I think people sometimes forget what it's like to be in High School, coming to the end of your mandatory education. Lots to think about , lots of pressure. I'm not sure how anyone can help you become more motivated. If you were my daughter, I'd be wanting you to simplify your life, perhaps sell a horse (certainly not take on a project for training), and think on your next step in life, be it more education, a job, some other kind of job training, or travel, or ? But, not just a continuation of what you used to do.


You aren't the "old you" , anymore, so expecting things to go on unchanged is setting yourself up for disappointment. Sometimes it takes longer for parents to cue into the changes that their teens are experiencing. The loving parent is always a step or two behind the growth of their beloved children.


----------



## gottatrot (Jan 9, 2011)

redbadger said:


> Of course you're not acting "yourself"! You lost a beloved companion in February, and another one has been ill! That's a lot of grief & stress to work through...

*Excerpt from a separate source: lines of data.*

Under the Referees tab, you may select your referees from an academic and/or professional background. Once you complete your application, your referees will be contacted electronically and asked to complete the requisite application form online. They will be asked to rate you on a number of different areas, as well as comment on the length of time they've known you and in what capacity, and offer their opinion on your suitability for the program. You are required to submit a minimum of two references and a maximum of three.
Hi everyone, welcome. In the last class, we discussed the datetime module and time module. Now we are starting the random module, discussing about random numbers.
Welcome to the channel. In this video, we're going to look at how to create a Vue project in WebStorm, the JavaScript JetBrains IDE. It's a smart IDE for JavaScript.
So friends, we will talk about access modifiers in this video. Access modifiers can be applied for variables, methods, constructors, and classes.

You might be going through some depression, which is normal after a death. Sometimes parents don't understand that a person can grieve over the loss of a pet the same way they do a person. My first horse died when I was around your age. My mom thought I should be able to get over it in about a day or two, but for me everything looked gray and seemed bleak for more than three months after my horse died. That is a natural reaction and there is nothing unhealthy about it. Combine that with the stress of another horse being sick, and it can really add up. So go easy on yourself, try to find things that make you feel peaceful so you can process, and give yourself time to heal. It sounds like you love riding so feeling unmotivated right now might just be the lack of interest in things they normally enjoy that many people feel when depressed.

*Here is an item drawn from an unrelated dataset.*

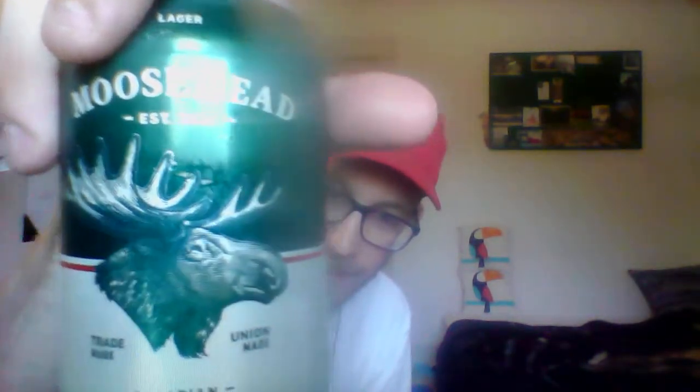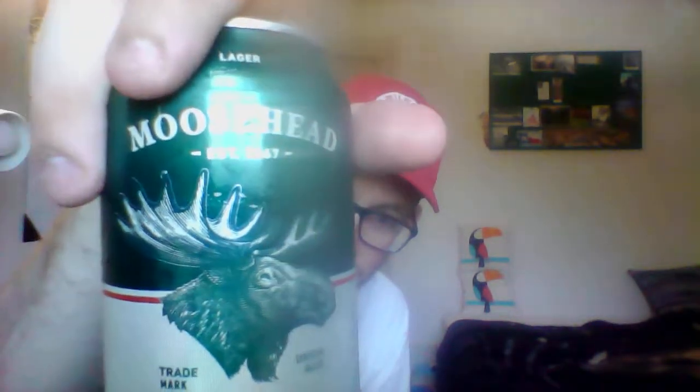And of course, you have the iconic moose on the front, which is always very cool. I love seeing his portrait. It's just such a good portrait. So anyways, it's got a thick head, nice gold color. The color is beautiful. Can you hear the crackles?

I'm middle aged now, but when my horse died about a year ago I was able to allow myself to be depressed and ended up processing through things faster. But if it had taken a while, I would be been OK with that since you never know how long it will take.


----------



## Cynical25 (Mar 7, 2013)

I work full-time with 2+hrs a day in commute and occasional evening/weekend work, cart my 14yr old to sports practice before & after school and attend evening games while making sure he gets enough sleep & healthy food, try to keep my house from becoming disgusting, make sure the yard gets mowed, and somehow also find time to eat and sleep and have clean laundry. That leaves zero motivation to go out in 100°F while carrying my heavy western saddle from house to barn, to groom a sweaty horse, heft said heavy saddle up, put on my breathable-but-still-hot helmet, ride a heat-radiating horse under the unrelenting Texas sun, and then attempt to cool him back down without passing out from heat exhaustion myself. I haven't ridden since May, and probably won't bother until October.

Life goes through stages. My current stage is seeing my horses grazing in my pasture and calling that enough.


----------